Can cities draft laws to ban the installation of smart meters? Well, it’s up for debate in Fairfax, Calif., where last week the city council approved the decision to create a law to stop utility PG&E from installing smart meters and the wireless antennas that transmit electricity data back to the utility’s office. Remember that Fairfax is also one of the towns behind Marin Clean Energy project, a clean power electricity program that would provide an alternative for PG&E, and which PG&E reportedly spent $46 million trying to block via the recently-defeated Prop 16.
According to Fairfax city council’s notes of the meeting last week, the council “agreed to have staff bring back a draft ordinance at the next meeting banning the installation of Smart Meters in Fairfax.” The Fairfax council also said it plans to piggy-back the request from San Francisco’s City Attorney Dennis Herrera to California’s energy regulators the CPUC that would stop PG&E from installing any more smart meters until a third-party investigation into the accuracy of the meters has been completed.
A PG&E spokesperson tells the Contra Costa Times that PG&E doesn’t have to seek permits for installing smart meters and that the city council doesn’t have the authority to implement a ban, only the CPUC can make that ruling.
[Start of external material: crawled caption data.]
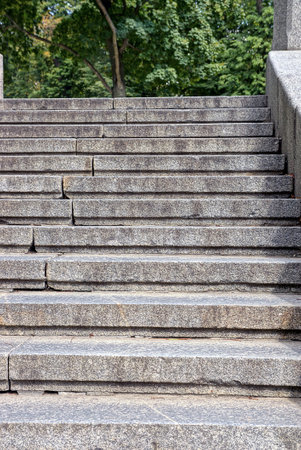 decorative concrete staircase with steps near stone gray pavement in summer parkの写真素材
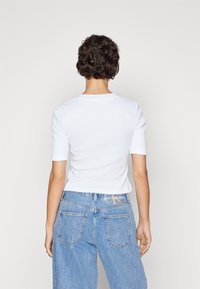 Valkoinen ribattua kangasta oleva lyhythihainen toppi, jossa on istuva malli, yhdistettynä korkeavyötäröisiin vaaleansinisiin farkkuihin, joissa on takataskut ja brändilogo.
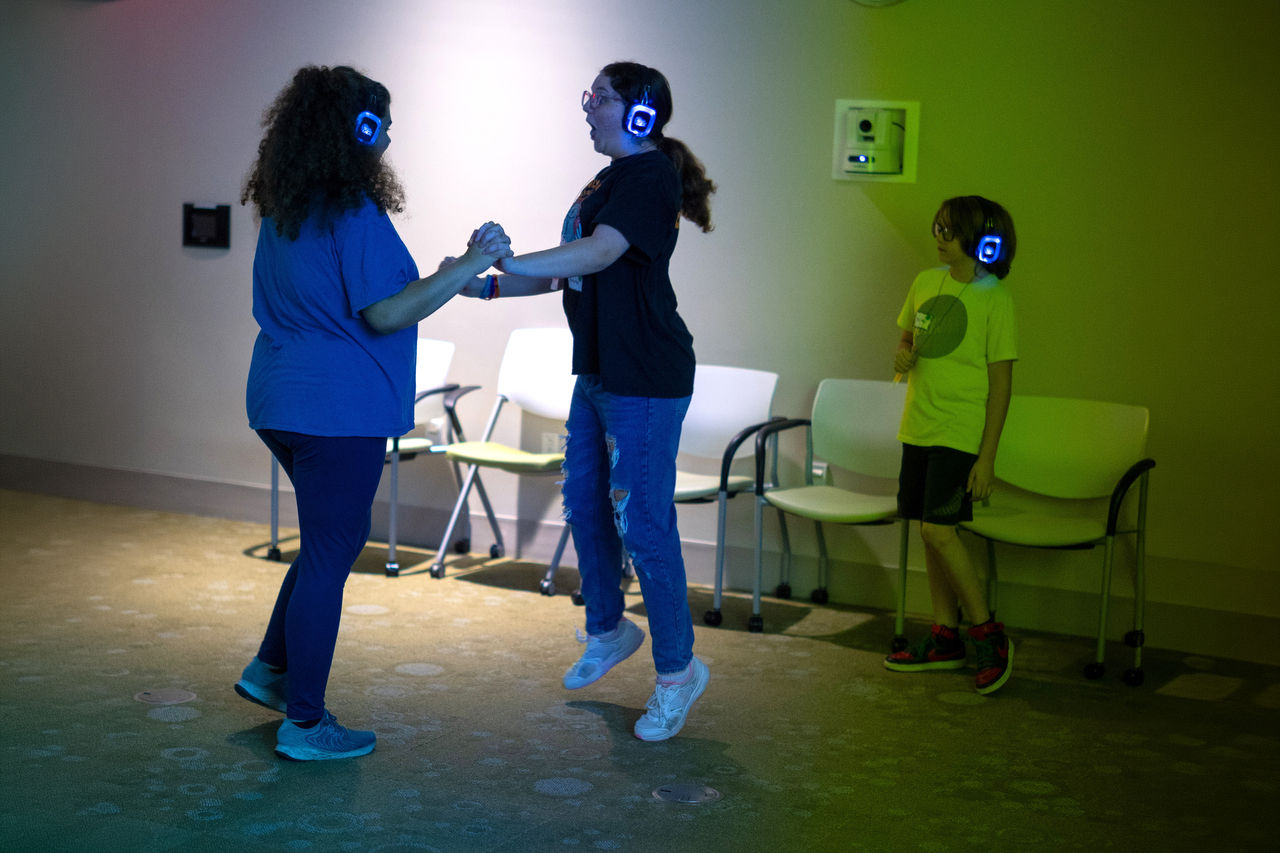Children dancing with headphones on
As I wrote about the San Francisco City Attorney’s request back in June, I’m surprised that these calls for smart meter moratoriums are still going on. PG&E publicly apologized in May acknowledging its poor customer relations, and released a massive report on the smart meter project, including the fact that 99 percent of the digital smart meters have had no problems, while 3 percent of analog meters have proved to have inconsistencies. However, 1 percent of a total planned 5 million smart meters installed from PG&E could result in 50,000 customers being impacted.
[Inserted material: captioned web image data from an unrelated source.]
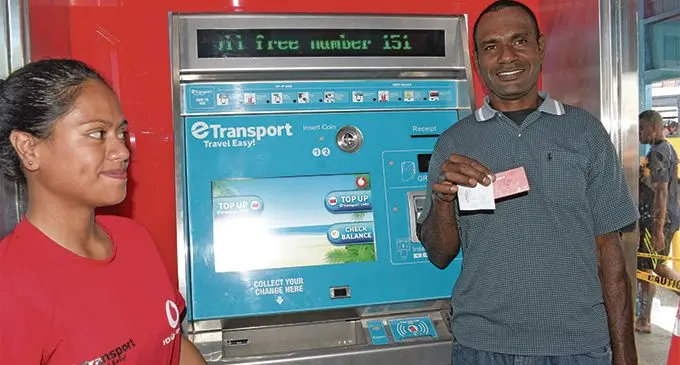 Maleli Rokovunisei of Naitasiri was the first e-card holder to use the eTicket- ing vending machine at the Suva Bus Stand after being assisted by Vodafone e-card personnel Grace Rigamoto on April 6, 2019. Photo: Ronald Kumar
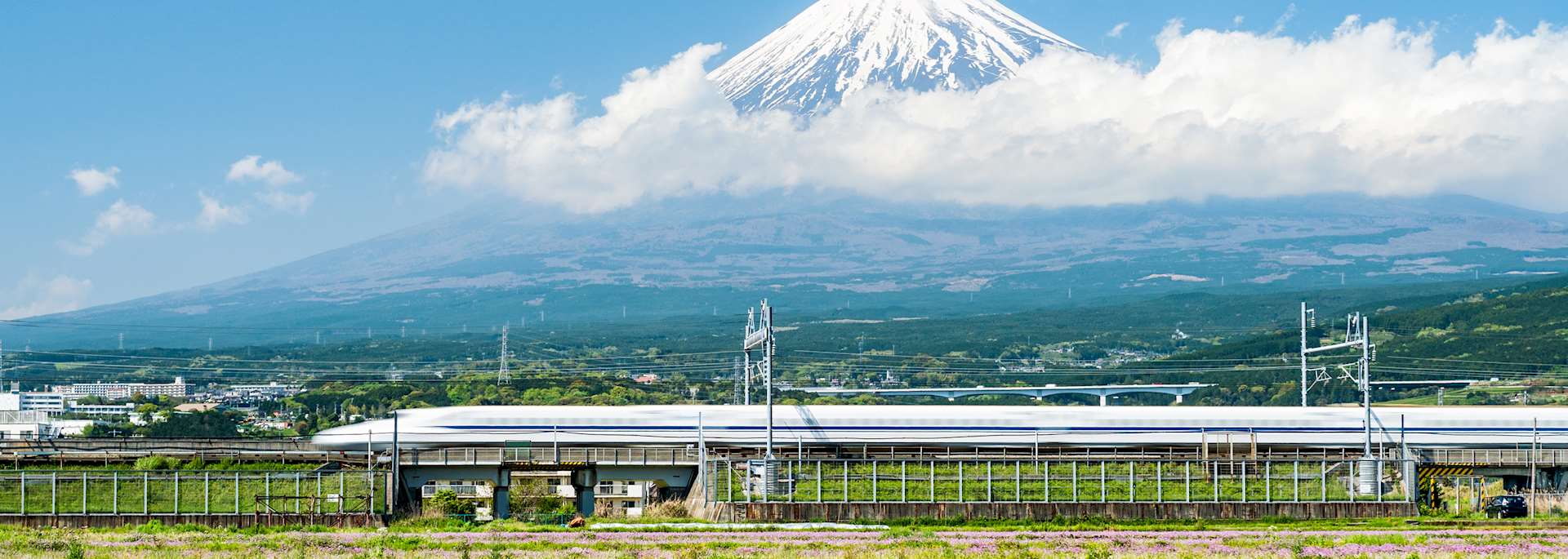 A bullet train passes Mount Fuji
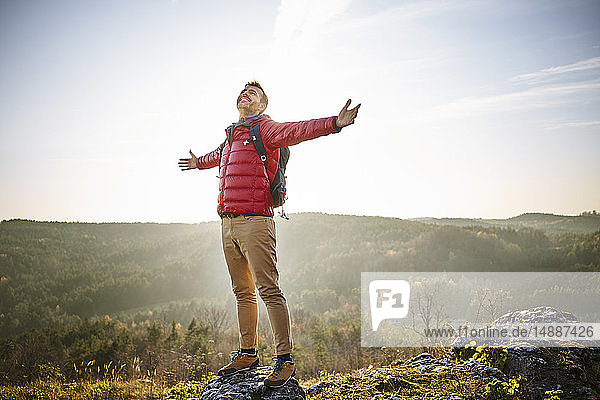 Man on a hiking trip in the mountains standing on rock enjoying the nature
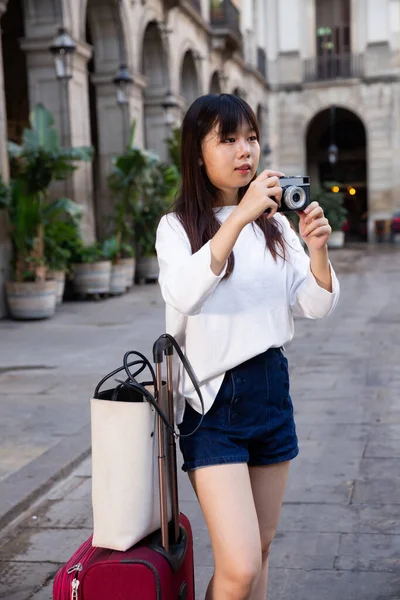 A fiatal kínai lány fényképeket készít a kamerájával, miközben a városon keresztül utazik. — Stock Fotó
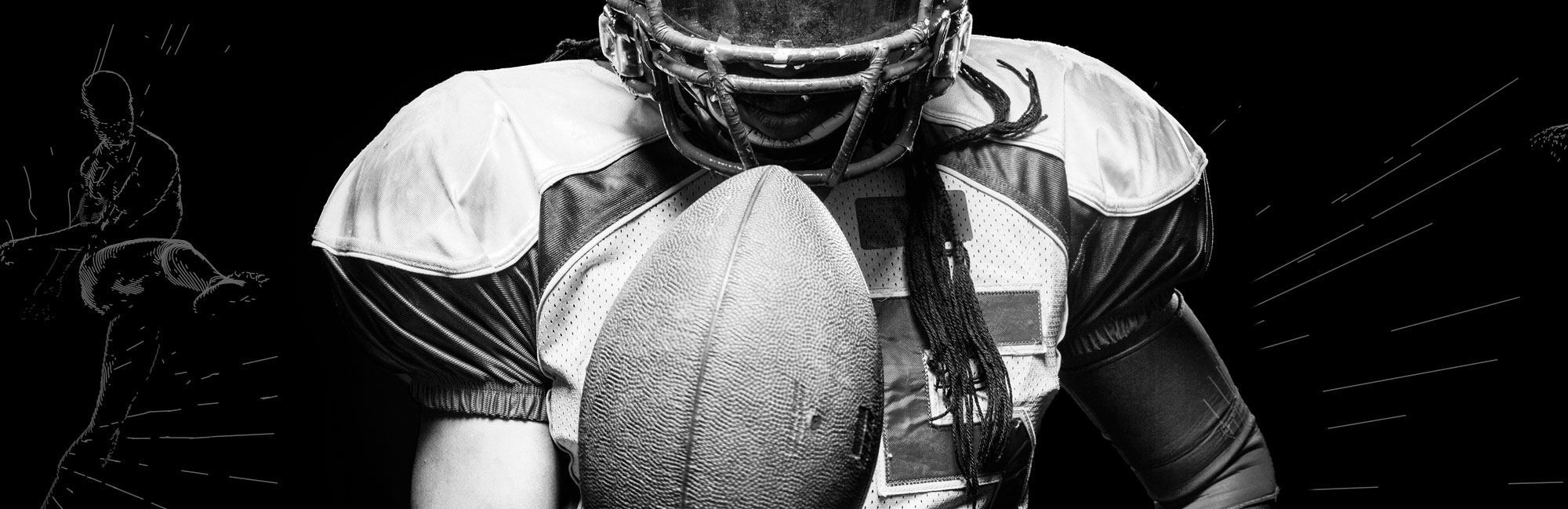 Black and white close-up of an American football player in full gear holding a ball. The dramatic contrast emphasizes strength, determination, and the role of high-quality synthetic turf in professional football games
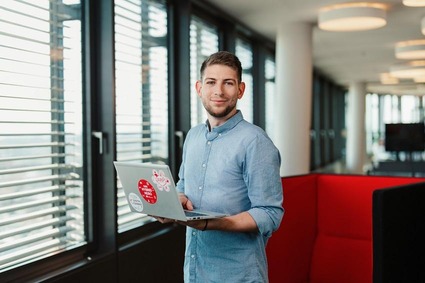 Mann mit blauen Hemd und Laptop in der Hand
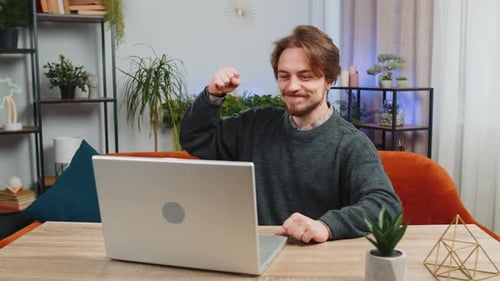 Man Celebrates Success at Laptop in Home Setting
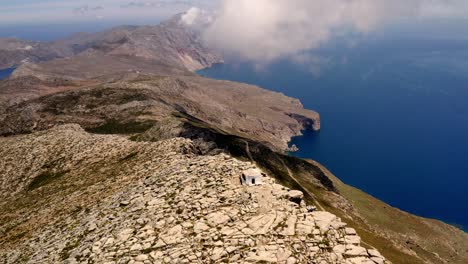 Toma-Aérea-De-Grecia-En-Un-Pico-Rocoso-Con-Una-Pequeña-Casa-Blanca,-Amorgos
If you haven’t been following the backlash in select locations over smart meters, basically a handful of customers have been complaining that recently installed smart meters are responsible for unfair higher bills. The consternation has even resulted in a lawsuit in Bakersfield (PG&E’s territory) as well as one in Dallas (Oncor’s territory). While specific tech problems can easily be dealt with, the greater issue is a lack of customer outreach and an inability of utilities to adequately explain the benefits of smart meters to customers.
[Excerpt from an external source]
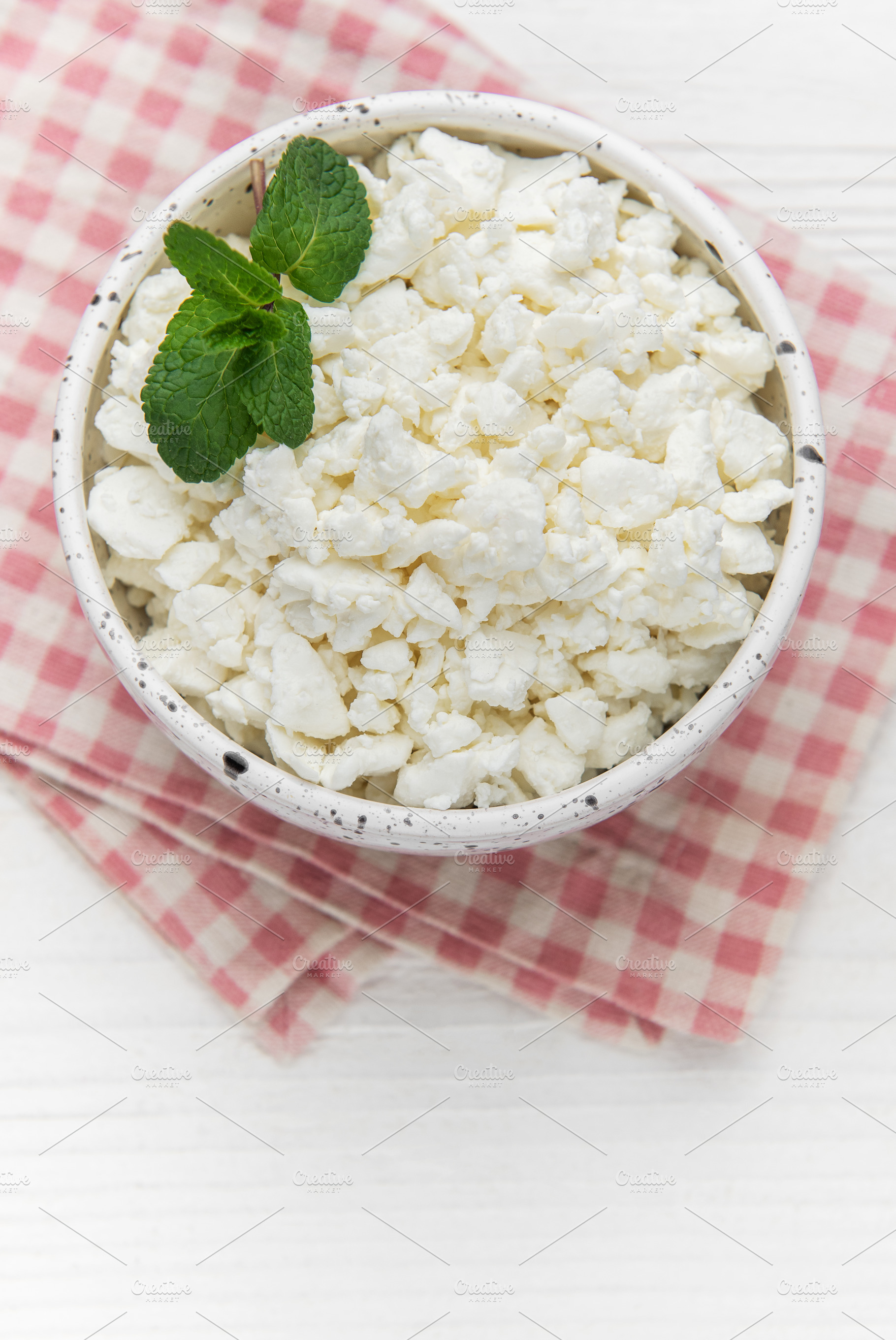 Cottage cheese in bowl with mint leaves on checkered napkin, a Food & Drink Photo by Olena Rudo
In Fairfax, the city council’s complaints are a couple steps even beyond these previously raised issues (and in my opinion borderline tin foil hat society). Beyond the accuracy of the meters, the Fairfax city council is worried that the radio signals could be a health hazard and that smart meters would put meter readers out of a job. The main issue (to me) seems to be that Fairfax and PG&E have a very contentious relationship.